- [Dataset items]
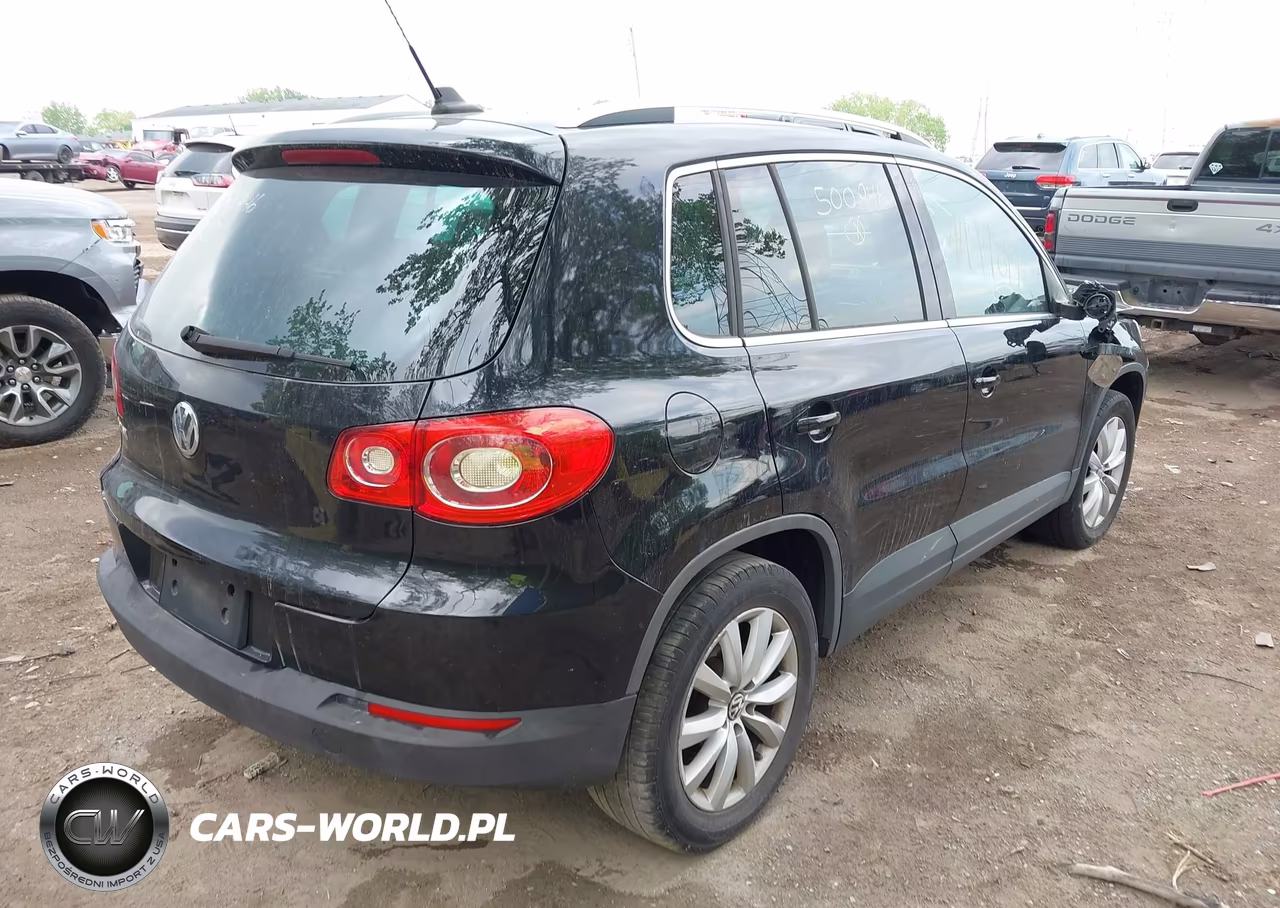 2011 Volkswagen Tiguan Se VIN:WVGAV7AX8BW500946 - 4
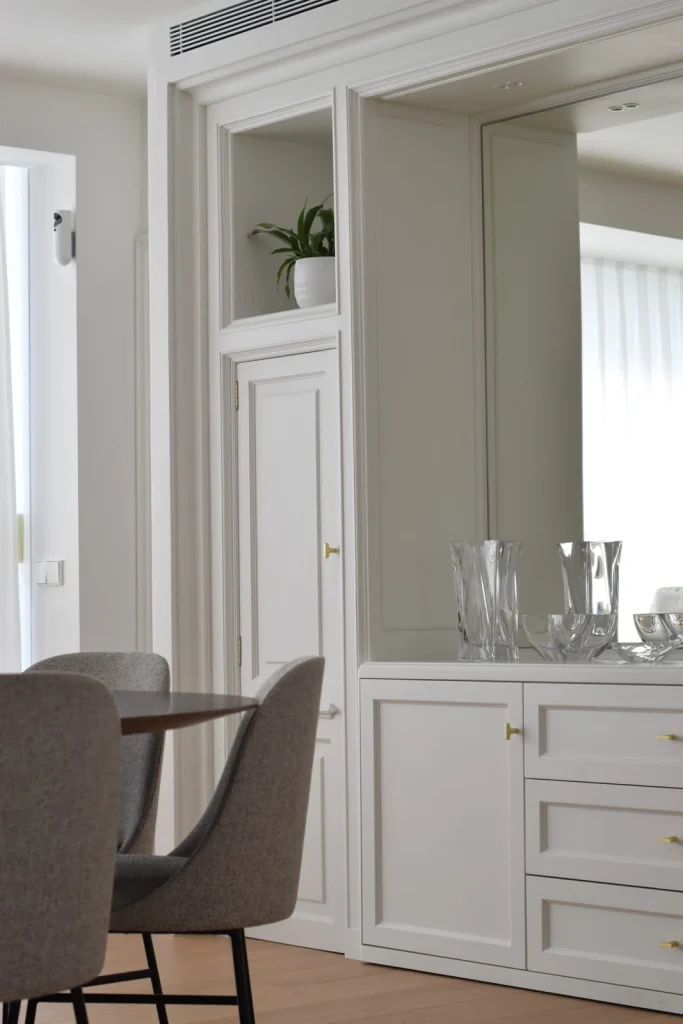 White lacquered cabinet with mouldings, made to measure by Eban Premium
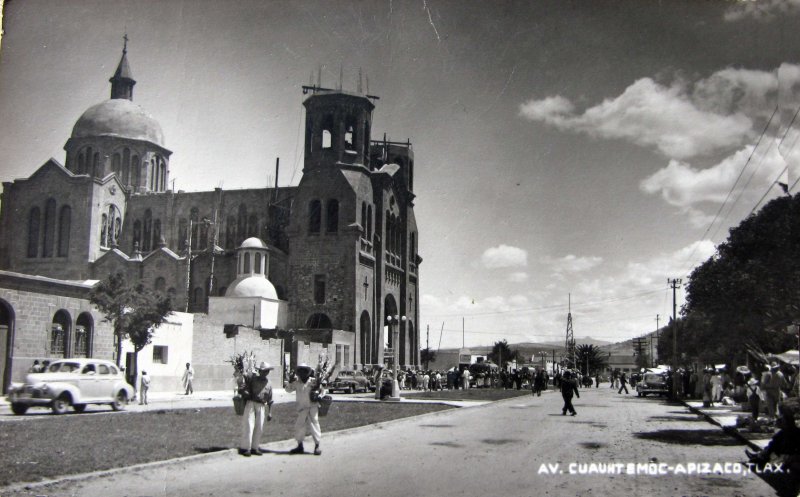 Fotos de Apizaco, Tlaxcala: AVENIDA CUAHUTEMOC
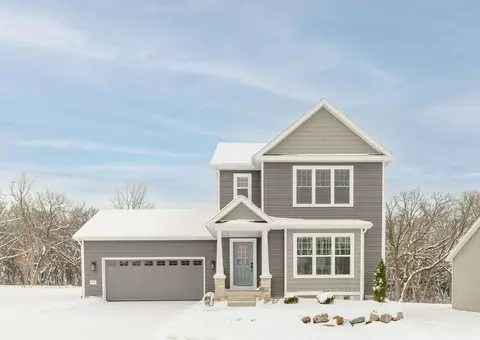 5927 Woodbine Dr, Madison, WI 53718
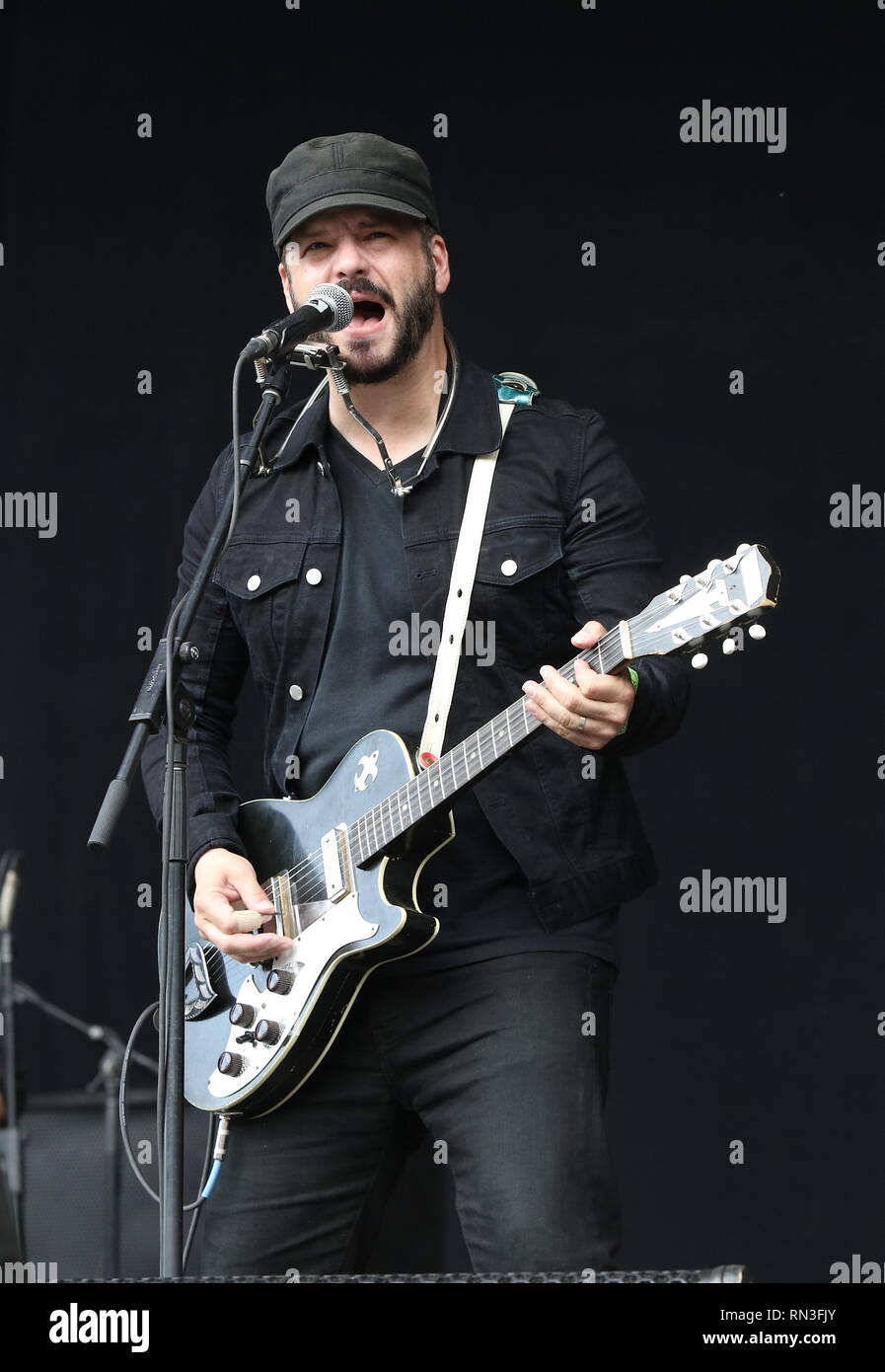 Cantante e chitarrista Chris Vos è mostrato esibirsi sul palco durante un 'live' aspetto di concerto con la casa discografica. Foto Stock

- [Instructions to follow] Leave out the images and copy all remaining data word for word.

- [Finished task]
 2011 Volkswagen Tiguan Se VIN:WVGAV7AX8BW500946 - 4
 White lacquered cabinet with mouldings, made to measure by Eban Premium
 Fotos de Apizaco, Tlaxcala: AVENIDA CUAHUTEMOC
 5927 Woodbine Dr, Madison, WI 53718
 Cantante e chitarrista Chris Vos è mostrato esibirsi sul palco durante un 'live' aspetto di concerto con la casa discografica. Foto Stock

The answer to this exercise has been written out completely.